Financing Cash Flows. Net cash and cash equivalents provided by financing activities during 1999 consisted primarily of proceeds from the sale of our common stock and advances from customers and financial institutions offset by principal payments on capital leases and payments for structured settlements with resellers. The $45.5 million decrease in cash and cash equivalents provided by financing activities during 1999 when compared to 1998 was due primarily to net proceeds of $32.9 million received by us during 1998 from the issuance of 140,000 additional shares of our series A-1 preferred stock at $250 per share and net proceeds of approximately $10.0 million received during 1998 from the issuance of convertible preferred stock by Cloudscape, which was subsequently converted into common stock prior to the Cloudscape Merger.

Summary. We believe that our current cash, cash equivalents and short-term investments balances and cash flows from operations will be sufficient to meet our working capital requirements for at least the next 12 months.

Disclosures About Market Rate Risk

Market Rate Risk. The following discussion about our market rate risk involves forward-looking statements. Actual results could differ materially from those projected in the forward-looking statements. We are exposed to market risk related to changes in interest rates, foreign currency exchange rates and equity security price risk. We do not use derivative financial instruments for speculative or trading purposes.

Interest Rate Risk. Our exposure to market rate risk for changes in interest rates relates primarily to our investment portfolio. We maintain a short-term investment portfolio consisting mainly of debt securities with an average maturity of less than two years. We do not use derivative financial instruments in our investment portfolio and we place our investments with high quality issuers and, by policy, limit the amount of credit exposure to any one issuer. We are averse to principal loss and ensure the safety and preservation of our invested funds by limiting default, market and reinvestment risk. These available-for-sale securities are subject to interest rate risk and will fall in value if market interest rates increase. If market interest rates were to increase immediately and uniformly by 10% from levels at December 31, 1999 and 1998, the fair value of the portfolio would decline by an immaterial amount. We have the ability to hold our fixed income investments until maturity and believe that the effect, if any, of reasonably possible near-term changes in interest rates on our financial position, results of operations and cash flows would not be material.

Equity Security Price Risk. We hold a small portfolio of marketable-equity traded securities that are subject to market price volatility. Equity price fluctuations of plus or minus 10% would have had a $1.3 million and $1.0 million impact on the value of these securities in 1999 and 1998, respectively.

Foreign Currency Exchange Rate Risk. We enter into foreign currency forward exchange contracts to reduce our exposure to foreign currency risk due to fluctuations in exchange rates underlying the value of intercompany accounts receivable and payable denominated in foreign currencies (primarily European and Asian currencies) until such receivables are collected and payables are disbursed.

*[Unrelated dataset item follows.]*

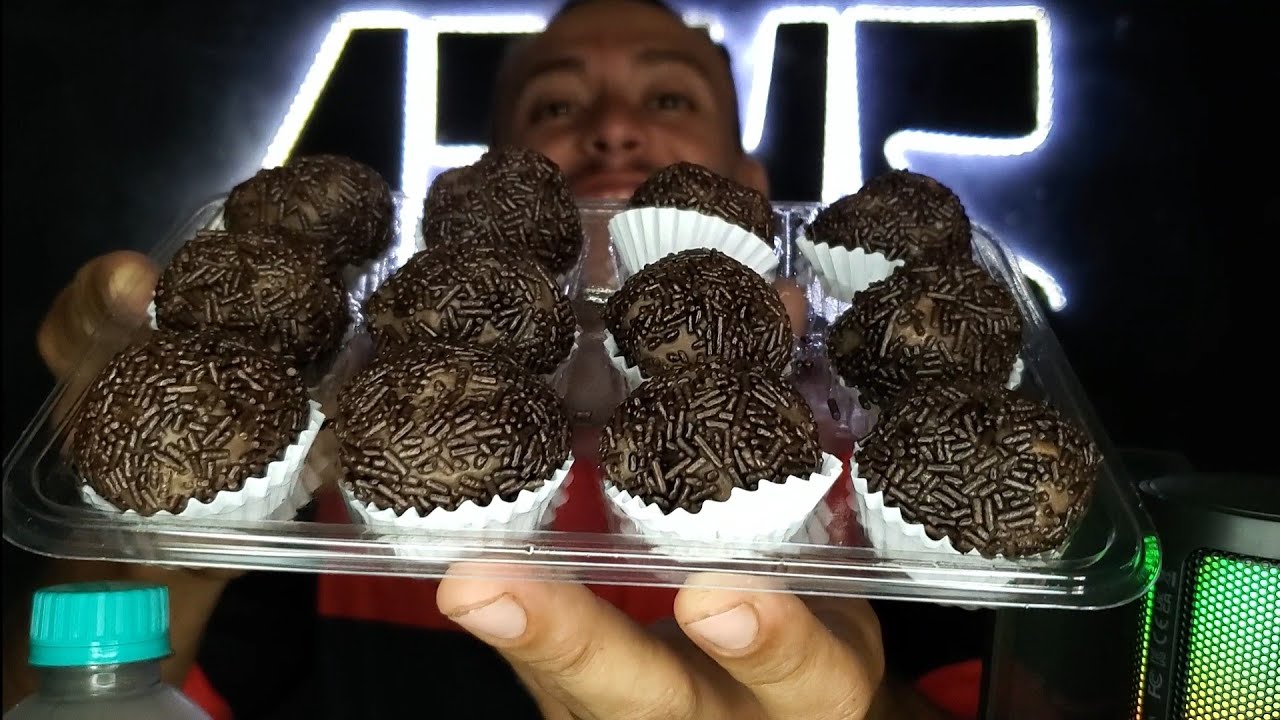 ASMR - Comendo BRIGADEIRO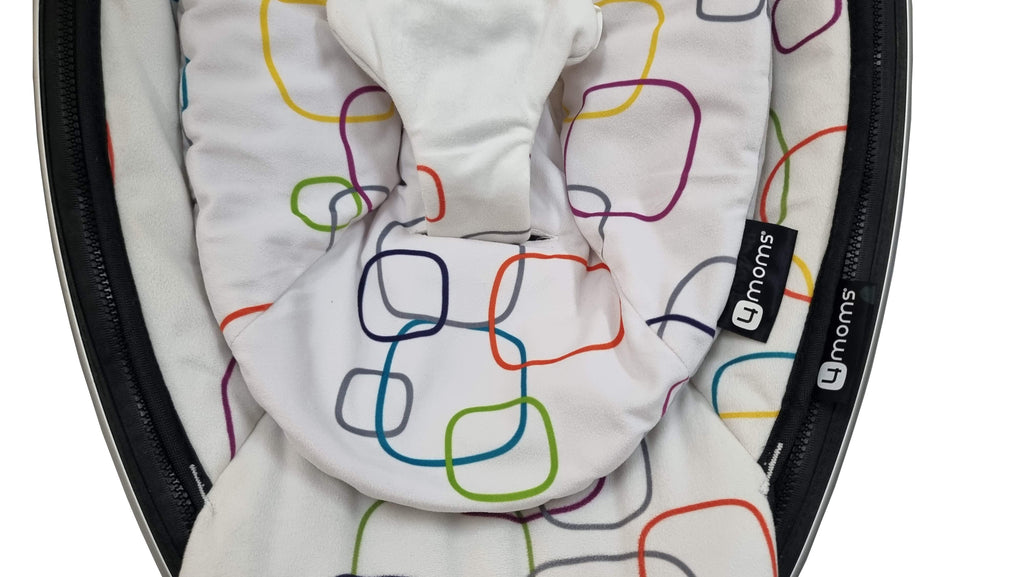 4Moms - Mamaroo 4.0 - Multi Plush with Newborn Insert - SecondGear.me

A foreign currency forward exchange contract obligates us to exchange predetermined amounts of specified foreign currencies at specified exchange rates on specified dates or to make an equivalent U.S. dollar payment equal to the value of such exchange. These foreign exchange forward contracts are denominated in the same currency in which the underlying foreign receivables or payables are denominated and bear a contract value and maturity date which approximate the value and expected settlement date of the underlying transactions. For contracts that are designated and effective as hedges, discounts or premiums (the difference between the spot exchange rate and the forward exchange rate at inception of the contract) are accreted or amortized to other expenses over the contract lives using the straight-line method while unrealized gains and losses on open contracts at the end of each accounting period resulting from changes in the spot exchange rate are recognized in earnings in the same period as gains and losses on the underlying foreign currency denominated receivables or payables are recognized, and generally offset.